Now I'll cheat and throw in a few more, as most other respondents have: the opening theme from the scherzo of Prokofiev's 5th symphony, the "country dance" in triple meter from the middle of that same movement, the bluesy trumpet solo melody from Gershwin's _An American in Paris_, the beginning motive of Ravel's Sonata for Violin and Cello, and the trumpet call from Ives's _The Unanswered Question_.

I'm not sure if the Ravel and Ives are technically "melodies". I turned to Google to verify that the Ives work is actually from the twentieth century (dates are not my forte). According to Wikipedia, it was written in 1908, "revived" (whatever that means) by Ives in 1930-1935, and was not performed until 1946. I've heard different versions of the work with slightly different trumpet calls. One is much more popular than the other(s?), and that is the one that I prefer.



dgee said:


> Aside from late romanticism and neoclassicism, chocka with melody, Prokofiev 5th symphony and Romeo and Juliet, Shostakovich 9 (the only Shos I really enjoy), Bartok 3 PC and Concerto for Orchestra, loads of Britten and Janacek have great long melodies that are recognisable, memorable and sing-alongable for even the most casual listener


----------



## PetrB (Feb 28, 2012)

spradlig said:


> The question says I have to pick one.


No one pays any real attention to 'the rules' as posted in most OP's


----------



## SottoVoce (Jul 29, 2011)

The beautiful pleading melody stated at the beginning of the Suite and punctuating the rest of the 5 pieces.

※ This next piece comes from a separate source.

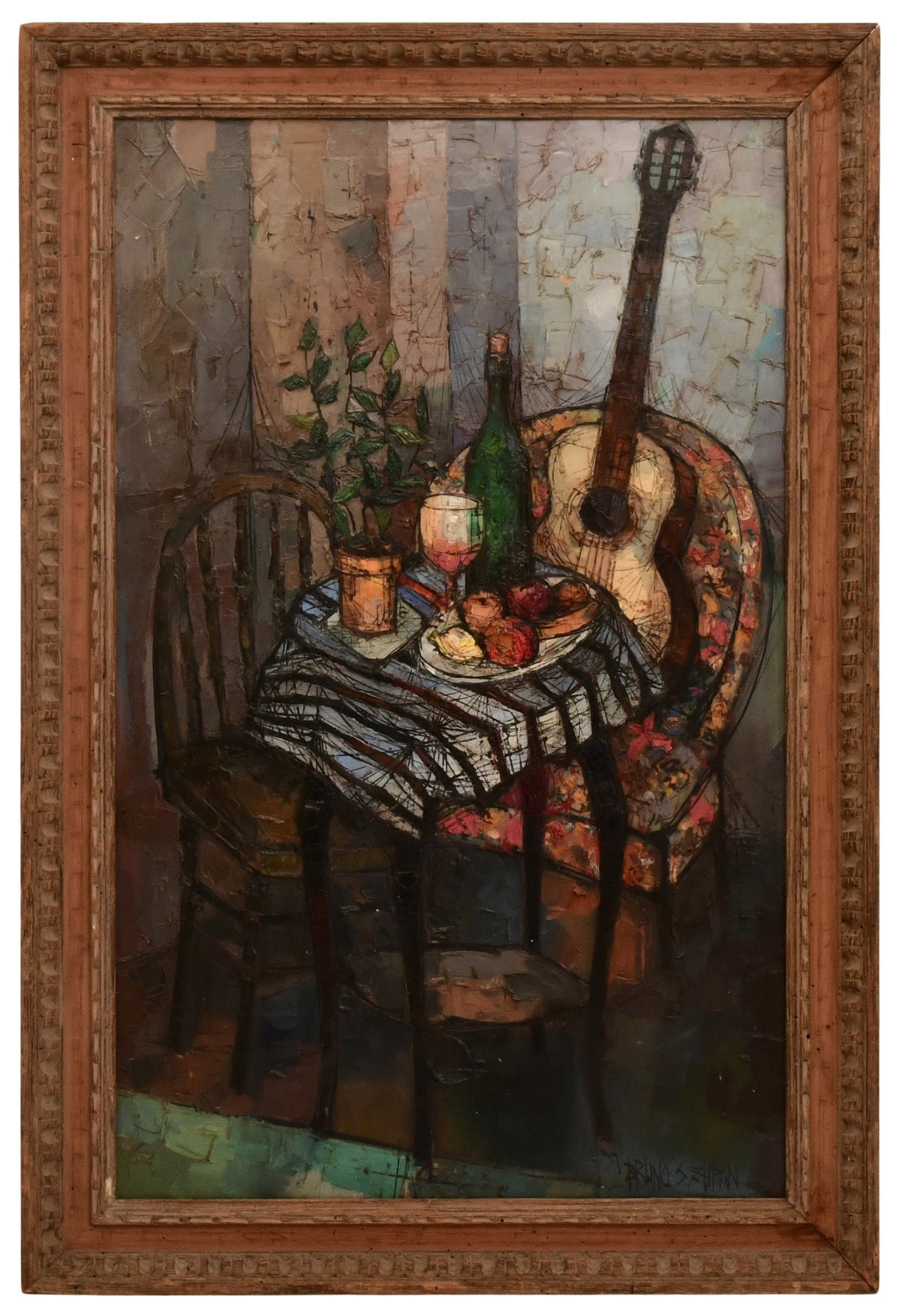 Bruno Stern Zupan (American, b. 1939), Still Life with Guitar & Fruit (1 of 3)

In general, my favorite Bartok quartet, but the melodies in this quartet, particulary in the first are beautiful; the second movement's "melody" is wonderful and barbaric.






The greatest single instrument work of the 20th century in my opinion, a instrumentation that is often not successful except in the hand of a master. Unlike Bach's, no real implied harmony either; a single broken melodic line.


----------



## brotagonist (Jul 11, 2013)

I am not sure where a melody really begins and ends, or whether it might be a phrase or a theme, or just an arbitrary sequence, that appeals to me 

There are countless such favourites from the 20th Century. Without poring over all of my albums and trying to recall just such passages, I will simply point out these two pieces:

*Arnold Schoenberg*

Serenade, Op. 24
This is a beautiful lilting, scampering piece, particularly the first movement, as pertaining to the OP's question, but the entire work has these qualities, in either rapid or slow tempo.

*Iannis Xenakis*

Kottos, for solo cello
This gorgeous piece begins somewhat abrasively, tantalizingly (I guess you have to have heard it before to be tantalized by what's to come  ) playing around with motifs or themes that deliriously strive to find some kind of cohesion, until finally coalescing into an exquisitely beautiful passage at the end, that then quickly fades to nothingness.


----------



## Blancrocher (Jul 6, 2013)

There are some lovely melodies throughout Nielsen's "Commotio" for organ (an unduly neglected masterpiece), especially in the "mysterious" moments around the 5-minute mark in this video.


----------



## millionrainbows (Jun 23, 2012)

I always liked that melody in the Webern non-opus work, the Piano Quintet of 1906.


----------



## violadude (May 2, 2011)

The second movement of Poulenc's Trio for Oboe, Bassoon and Piano is one of the warmest and most charming slow movements I know of. The movement is kind of a big series of melodic material so I can't really isolate one in particular. The whole thing is beautiful.


----------



## Frei aber froh (Feb 22, 2013)

In terms of modernist (or by "modern" composers), I'm going to have to say the second movement of the Barber violin concerto, the third movement of Shostakovich's Violin Concerto No. 1, the second movement of the Bartók viola concerto, basically everything in Bartók's Concerto for Orchestra, and a *lot* of Prokofiev.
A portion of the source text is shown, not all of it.